The biggest irony in my opinion is the existance of the "mute" feature on facebook. I am not a FB user, but apparently, the more you share, the higher the likelihood of somebody muting you.

So in the end we will share everything with our friends, but our friends will only pretend to listen.


Technical solutions, such as the friend muting, can't solve cultural problems - of which Facebook has aplenty.

MySpace was destroyed by cultural problems. The technology wasn't at fault. If it was populated with HN-types, we'd see clean typography and beautiful blogs - not the epileptic-fit-causing profile pages that caused everyone to migrate to Facebook.

Culture is the difference between MySpace and Tumblr.

Building a community is everything. That's my thesis, at least.


The technology wasn't at fault.

Myspace could have survived myriad cultural problems on the strength of their once unparalleled social graph if they could have kept pace with Facebook's technology. Facebook had many things right - the news feed, valid identities, speed - that would have required Myspace to essentially start from scratch to even emulate. Myspace tried, but couldn't pull it off.

So my argument is that Facebook has room to experiment in areas where tastes may differ (i.e. culture) as long as they have great technology and an adaptable design. If the timeline/ticker turns out to be completely overwhelming and they see usage drop, Zuckerberg could practically issue an apology, flip a switch and basically turn Facebook back to yesterday's Facebook by Monday. As their experiences with failure (Beacon) and success (the news feed!) have shown, there's way more upside than downside.


Sometime try listing Tweets by geo proximity when you're downtown. The MySpace culture is alive, well, and on Twitter in numbers that far outweigh the "HN-types".

Twitter seems no worse for it, and a failure to cater to elitists wasn't MySpace's problem either. MySpace, AOL, Yahoo, HP -- their problems are cultural, but not their users' culture, their managements'.


Technical solutions, such as the friend muting, can't solve cultural problems - of which Facebook has aplenty.

Very, very true.

I would even expand on this. Problems people encounter online can be divided into technical, social (involving groups) and interpersonal. Problems from one category cannot be effectively solved via methods from another.
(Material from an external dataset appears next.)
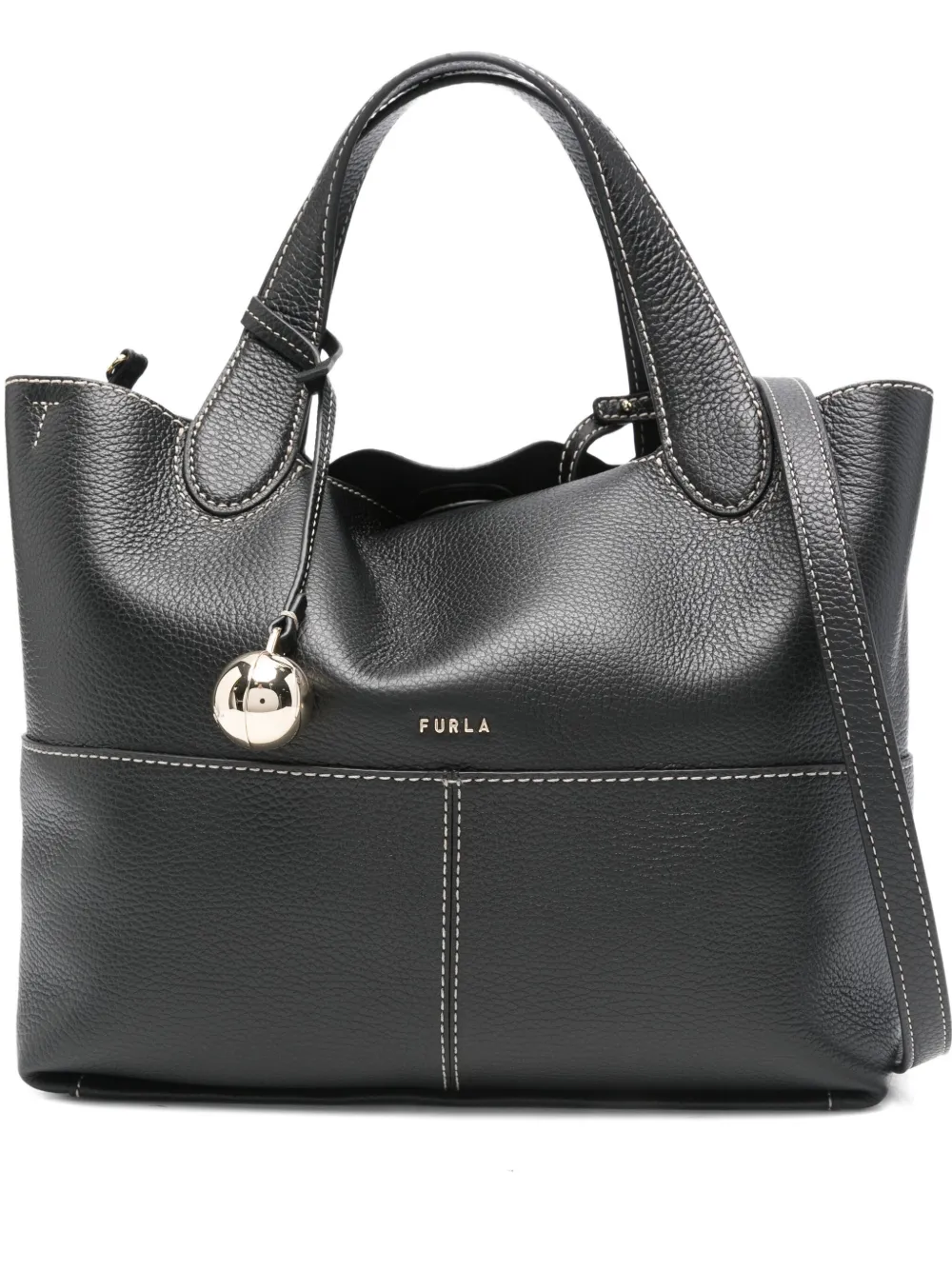 Furla Shopper met logo Zwart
Attempting to do so inevitably results in many undesirable side-effects.


No, the difference between MySpace and Tumblr is that the latter has a dashboard that gets rid of everyone's theme and by extension their autoplaying music, etc.


MySpace had a great community. The software was slow and ugly. Now it's faster and a little less ugly, but the community is gone.


So in the end we will share everything with our friends, but our friends will only pretend to listen.

It's not pretending if they've muted you, you're being ignored. Which is not a bad thing, noisewise, it natural and to be expected, but that's besides my point.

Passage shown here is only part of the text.